Susan Ray, viúva de Nicholas Ray, visita a cidade e fala da mostra de filmes do marido

LUIZ CARLOS MERTEN, O Estado de S.Paulo

13 de novembro de 2011 | 03h09

Susan Ray recebe o repórter no seu quarto de hotel, em Higienópolis. Pés descalços, cabelo molhado. Ela viajou a noite toda (desde Nova York) e precisava desta relaxada. A viúva de Nicholas Ray está no Brasil para promover a retrospectiva da obra do ex-marido. Depois da grande retrospectiva de Vincente Minnelli no CCBB e da de Elia Kazan, em presença da viúva do diretor, Frances Kazan, na Mostra, era o que faltava para o cinéfilo encerrar 2011 com chave de ouro.

Todo Nicholas Ray.

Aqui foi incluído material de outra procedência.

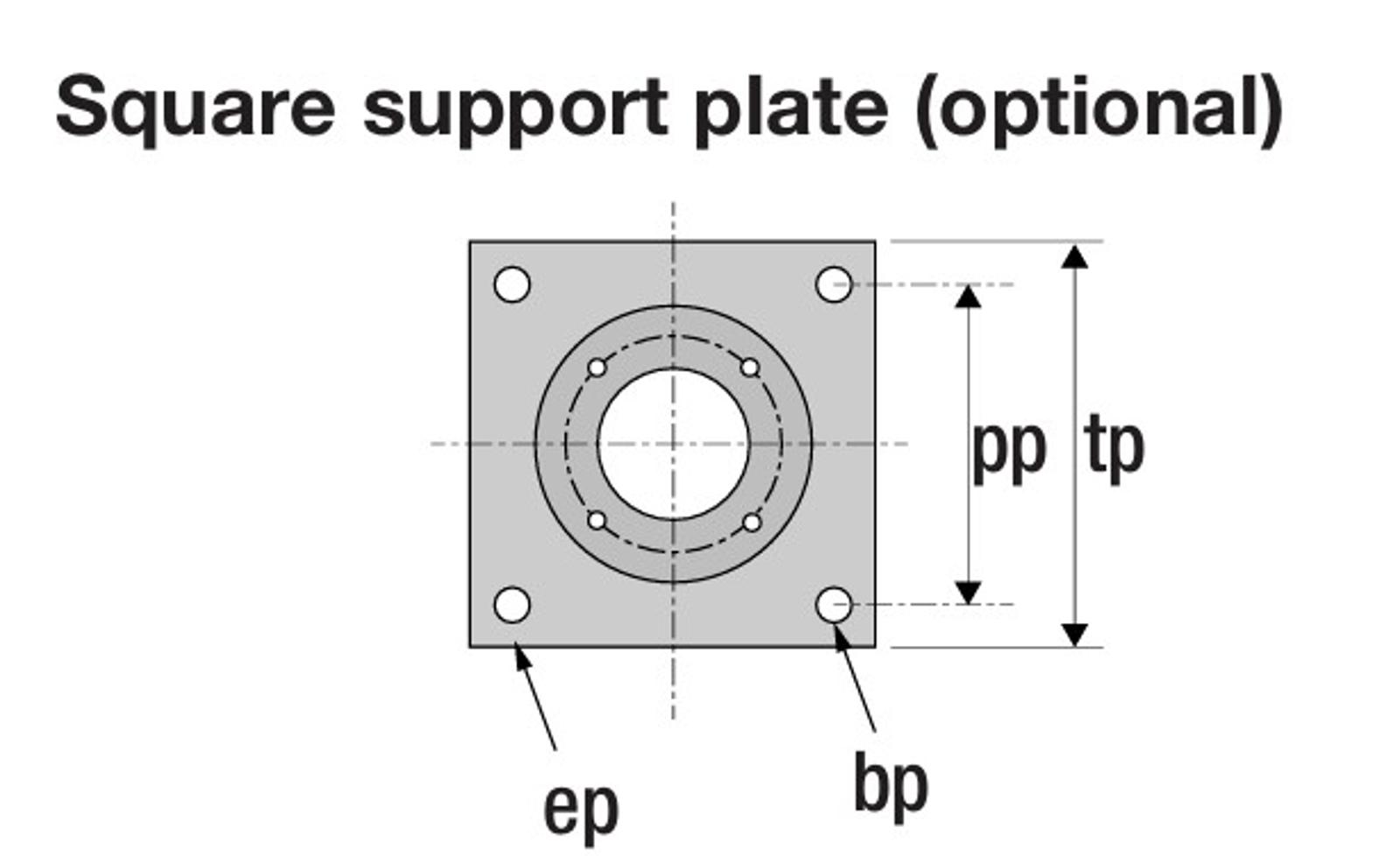mixers-mounting-square-vrp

A Mostra ocorre no Centro Cultural Banco do Brasil em três cidades. São Paulo, Rio e Brasília. Neste domingo, Susan Ray deve estar no Rio, mas volta a São Paulo para debater com o público, após a exibição de We Can't Go Home Again. O filme que o diretor fez com alunos de seu curso de cinema em 1973 será exibido quarta-feira, às 17 horas, na versão restaurada que integra as comemorações do centenário de Ray, este ano. Susan desculpa-se antecipadamente. "Não sou cinéfila. Não sou muito boa para contar as pequenas histórias de bastidores que encantam as pessoas." Mas ela pode falar com propriedade sobre o Ray que conheceu, e amou.

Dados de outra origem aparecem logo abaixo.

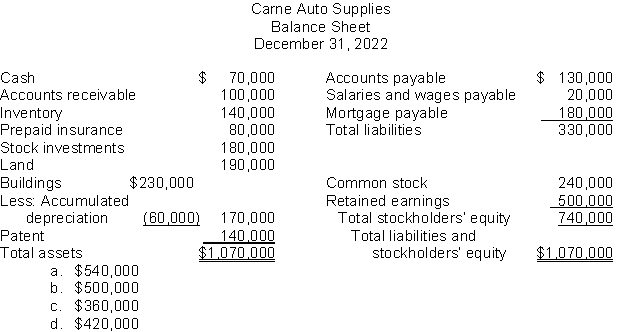 Use the following data to determine the total dollar amount of assets to be classified as property plant and equipment.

Ele era alcoólatra, e isso lhe causou prejuízos no fim da vida (morreu em 1979). Fumava feito um condenado. "Nick morreu de câncer no pulmão, não se esqueça." É a vez de o repórter lembrar que o personagem de Ray é sempre o homem ferido. Ela retruca - "Mas não somos feridos todos?" Acrescenta que o marido não apenas não escondia como gostava de revelar sua vulnerabilidade. Isso o transformava em corpo estranho num cinema norte-americano que sempre tentou esculpir a fantasia do mundo perfeito, com pessoas perfeitas.

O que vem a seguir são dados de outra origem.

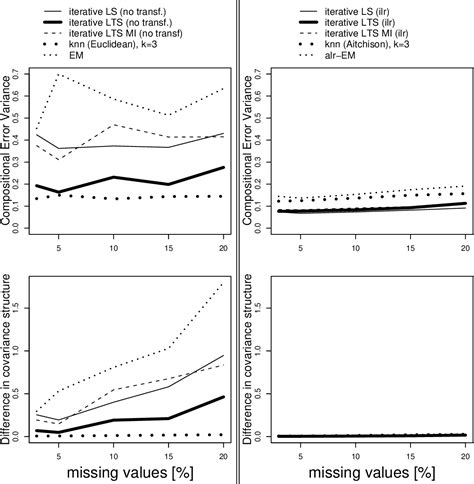 Figure From United Nations Statistical Commission And Economic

Ela tem seus favoritos entre os filmes do marido. Johnny Guitar? "É um belo filme, um clássico", concorda. Mas os filmes de seu coração são outros - "Amargo Triunfo me encanta pela densidade e profundidade. Em Sangue sobre a Neve, o que me atrai é o espaço. Nick cria aqueles planos que isolam o personagem do esquimó e expressam sua solidão perante a natureza." Sangue sobre a Neve chama-se, no original, Savage Innocents, os inocentes selvagens. Não existe definição melhor para o sentido geral da obra de Nicholas Ray, para os personagens que ele criou ao longo de 26 anos de carreira, entre Amarga Esperança (They Lived by Night), de 1948, e Wet Dreams (um episódio), de 1974.

Todos esses filmes estarão ao alcance do público, com obras que viraram clássicas ou cults e que integram o imaginário dos cinéfilos - Paixão de Bravo (The Lusty Men), Johnny Guitar (claro), Juventude Transviada (com James Dean), A Bela do Bas-Fond. Este abrirá a retrospectiva na cidade, na quarta-feira à tarde. Quase todos os filmes serão projetados em cópias em 35 mm. 55 Dias em Pequim será exibido em DVD, justamente porque não existem cópias disponíveis em película. "É um problema", Susan reconhece. Como presidente da Nicholas Ray Foundation - www.nicholasrayfoundation.org -, ela gostaria de restaurar todos os filmes do marido em película, mas falta dinheiro. Agora mesmo, Susan busca patrocínio para um projeto intitulado Masterclass, em que pretende reunir fragmentos mostrando o grande professor que Ray foi.

"Nick sofreu muita incompreensão, mas tinha consciência de sua importância. Prova disso é que estava sempre acompanhado de um gravador. Ele gravava tudo o que dizia." Susan reconhece qualidades na polêmica fase das superproduções na Espanha (O Rei dos Reis e 55 Dias). Vê nelas a forte influência da formação de Ray como arquiteto (com Frank Lloyd Wright). "Não são fracassos", afirma (ou provoca). Diz que o marido era grato a Wim Wenders por seu apoio - o autor alemão fez dele ator em O Amigo Americano e filmou sua agonia em Lightning Over Water. Ela própria é mais reticente. "O momento da morte é o mais importante da vida de qualquer pessoa." Wenders invadiu a privacidade de Ray, na hora de sua morte. Susan não fala, mas deixa subentendida sua crítica.